Cociuba Mare (Alsókocsoba) is a commune in Bihor County, Crișana, Romania with a population of 2,798 people. It is composed of four villages: Cărăsău (Karaszó), Cheșa (Kisháza), Cociuba Mare and Petid (Petegd).

==Location==

Cociuba Mare is situated in the southern part of the county Bihor. It is 600 km from Bucharest and 50 km from Oradea. It is bordered to the north-west by the commune Tinca, to the north-east by Holod, to the east by Căpâlna, to the south-east by Șoimi and to the south by Olcea.

==Geographical features==

Cociuba Mare is located in "Câmpia de Vest" which translates to the Western Plain.

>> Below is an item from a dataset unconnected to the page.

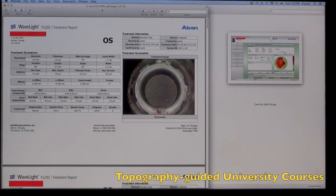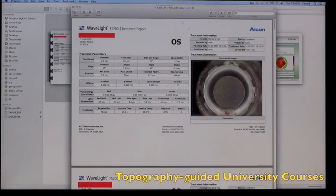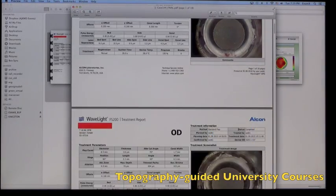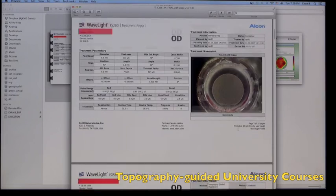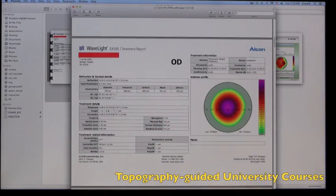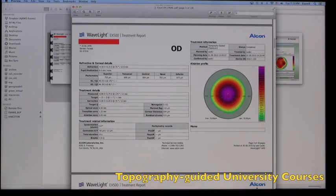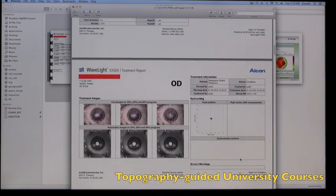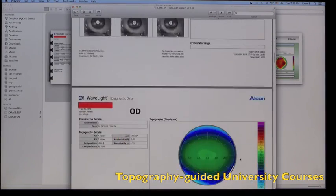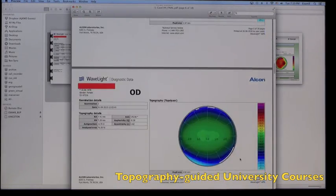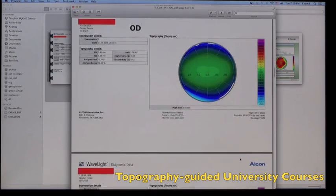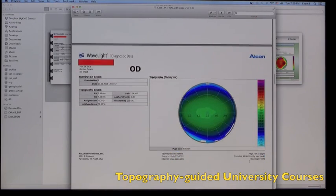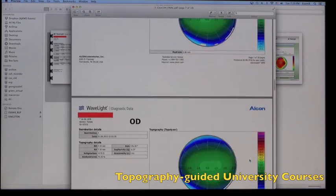And you can see if we scroll down this PDF, what was the final refraction, the flaps created, and the final refraction treated in this patient, left and right eye. And also some cyclorotation tracking data that you can see at the end of the procedure.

The total area spans 74,380km. The vast majority of the landscape is formed by "Câmpul Crișul Negru" (the Plains of the Black River) to the north and the houses of the villagers to the south. On the territory there is 1272 hectares of forest, mostly oak and sky with an average age of 45-50 years. 991 ha of forest land is owned by Cociuba Mare.

==Climate==

Cociuba Mare has a moderate continental climate. Its average annual temperature is 10.5 degrees Celsius. The highest monthly average temperature is recorded in July as having been 21.2 degrees Celsius while the lowest monthly average temperature has been recorded as -15 degrees Celsius in January.

In winter there is generally frost along with defrosting. Spring is relatively short and high temperatures can occur suddenly in March. The weather is variable in April while in May the summer temperatures begin to appear. The hottest months are July and August. Autumns are generally long and sunny, lasting until November.
The wettest months are May, June and November, with the vast majority of precipitation being rain.